Häufige Fragen und Antworten
Hier erhalten Sie detaillierte Hinweise, ergänzende Informationen sowie fundierte Antworten auf häufig gestellte Fragen zu den Themen Photovoltaik, Solarenergie und Heizsysteme.
Wie funktioniert eine Photovoltaikanlage?
Eine Photovoltaikanlage wandelt Sonnenlicht effizient in elektrische Energie um. In den Solarzellen findet dieser Umwandlungsprozess statt, wenn Sonnenstrahlen auf die Zellen treffen und Elektronen anregen. Dadurch wird elektrischer Strom erzeugt, der in Form von Gleichstrom vorliegt.
Lohnt sich die Installation einer PV-Anlage bei einer nicht südwärts ausgerichteten Dachfläche?

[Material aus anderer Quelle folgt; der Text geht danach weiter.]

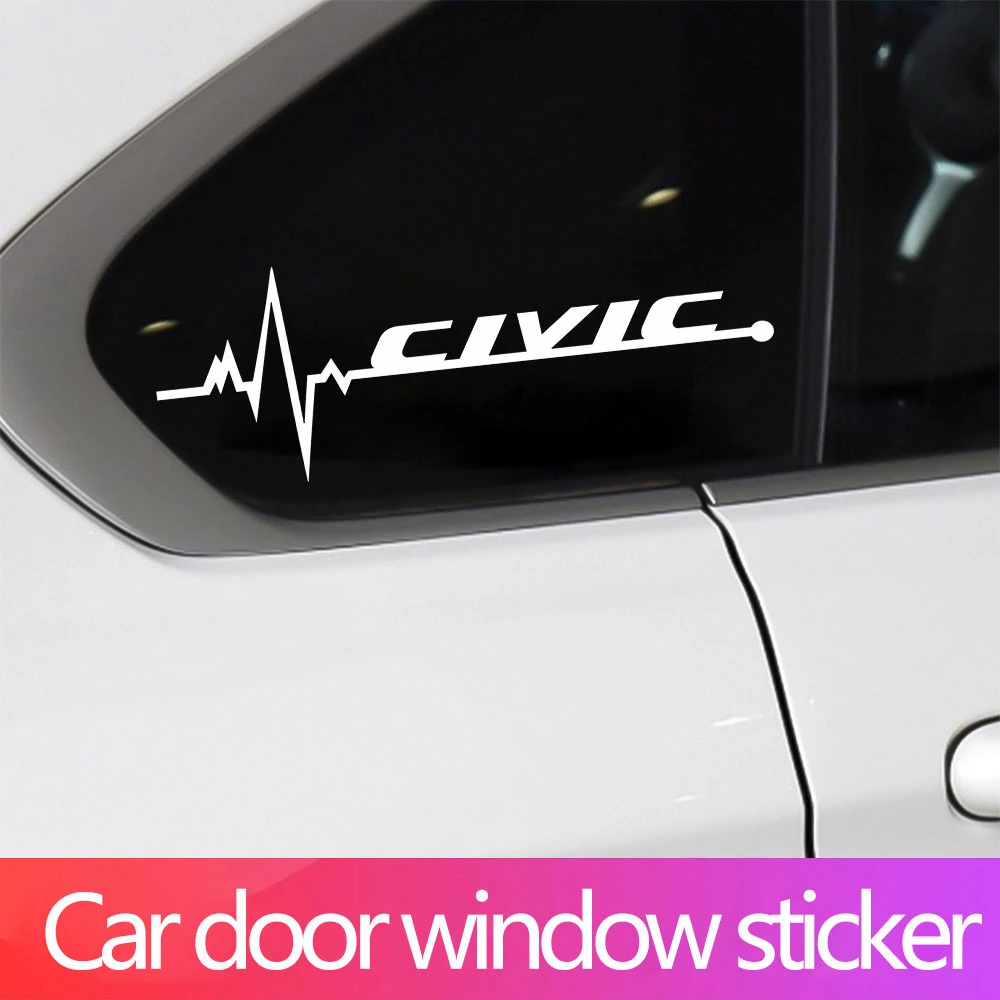 2pcs Car Side Window Stickers For Honda Civic 7 7th Gen 2001 2002 2003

Ja, auch wenn Ihr Dach nach Osten oder Westen ausgerichtet ist, kann eine Photovoltaikanlage wirtschaftlich sinnvoll sein. Eine Südausrichtung mit einem Neigungswinkel von etwa 30 Grad maximiert zwar die Erträge, jedoch profitieren Haushalte, die hauptsächlich morgens und abends zu Hause sind, von einer Ost-West-Ausrichtung. Zu diesen Zeiten wird der meiste Strom produziert, den Sie direkt nutzen können.
Was ist, wenn meine PV-Anlage nicht genügend Strom für meinen Bedarf produziert?

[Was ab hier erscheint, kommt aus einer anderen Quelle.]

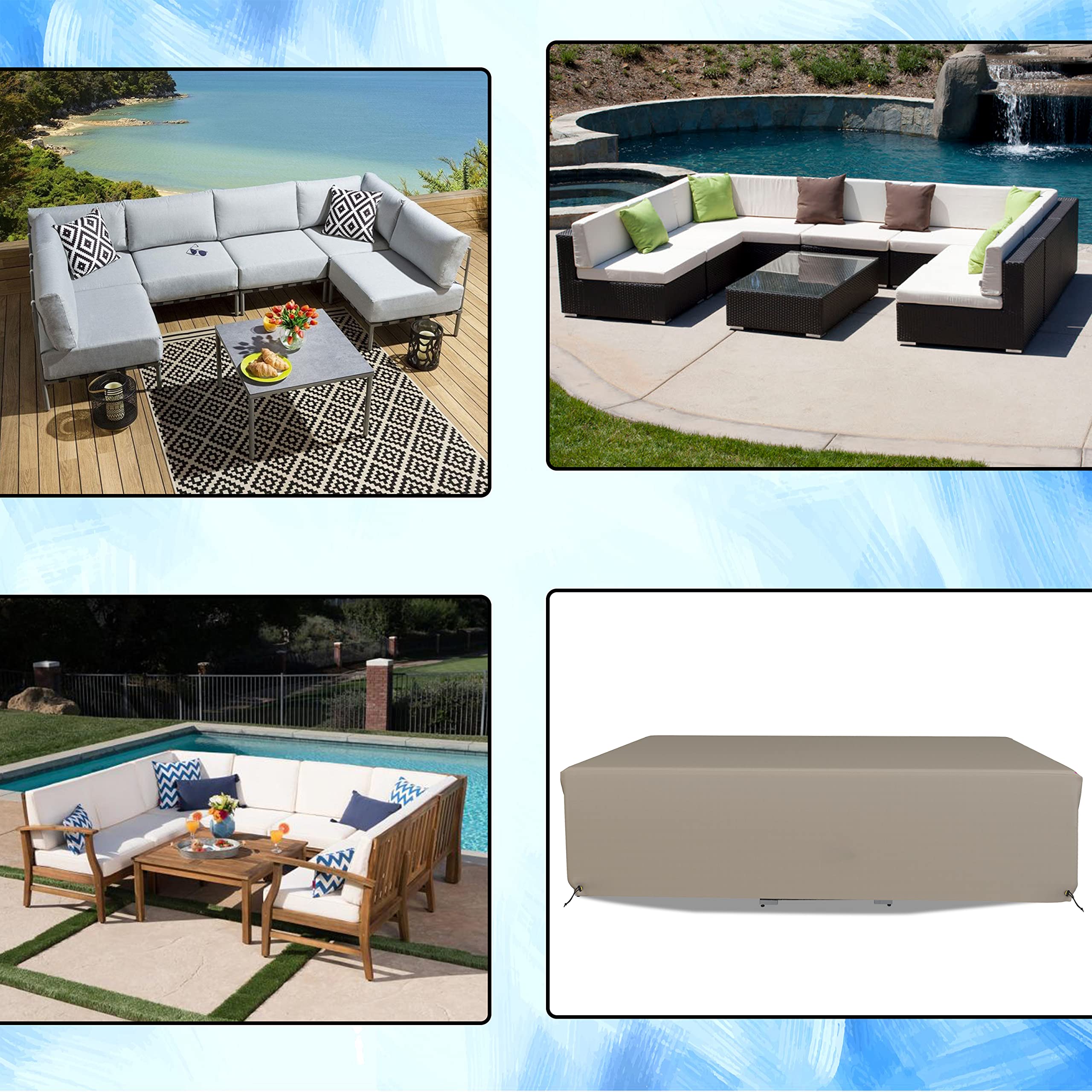 Premium 160 GSM PVC Embossed Waterproof Patio Sectional Sofa Set Cover with Drawstring - Snug Fit for Outdoor Furniture (83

In diesem Fall benötigen Sie einen Stromanbieter, um den Differenzbedarf, auch Reststrom genannt, aus dem öffentlichen Stromnetz zu decken. Ihr derzeitiger Stromversorger oder die örtlichen Stadtwerke können Ihnen hierbei behilflich sein.
Wie groß sollte Ihre PV-Anlage sein?
Eine gängige Faustregel besagt, dass zur Berechnung der Leistung in Kilowatt-Peak der jährliche Stromverbrauch mit zwei multipliziert wird. Beispiel: Bei einem jährlichen Stromverbrauch von 3.500 kWh im Einfamilienhaus empfiehlt sich eine Solaranlage mit 7 kWp.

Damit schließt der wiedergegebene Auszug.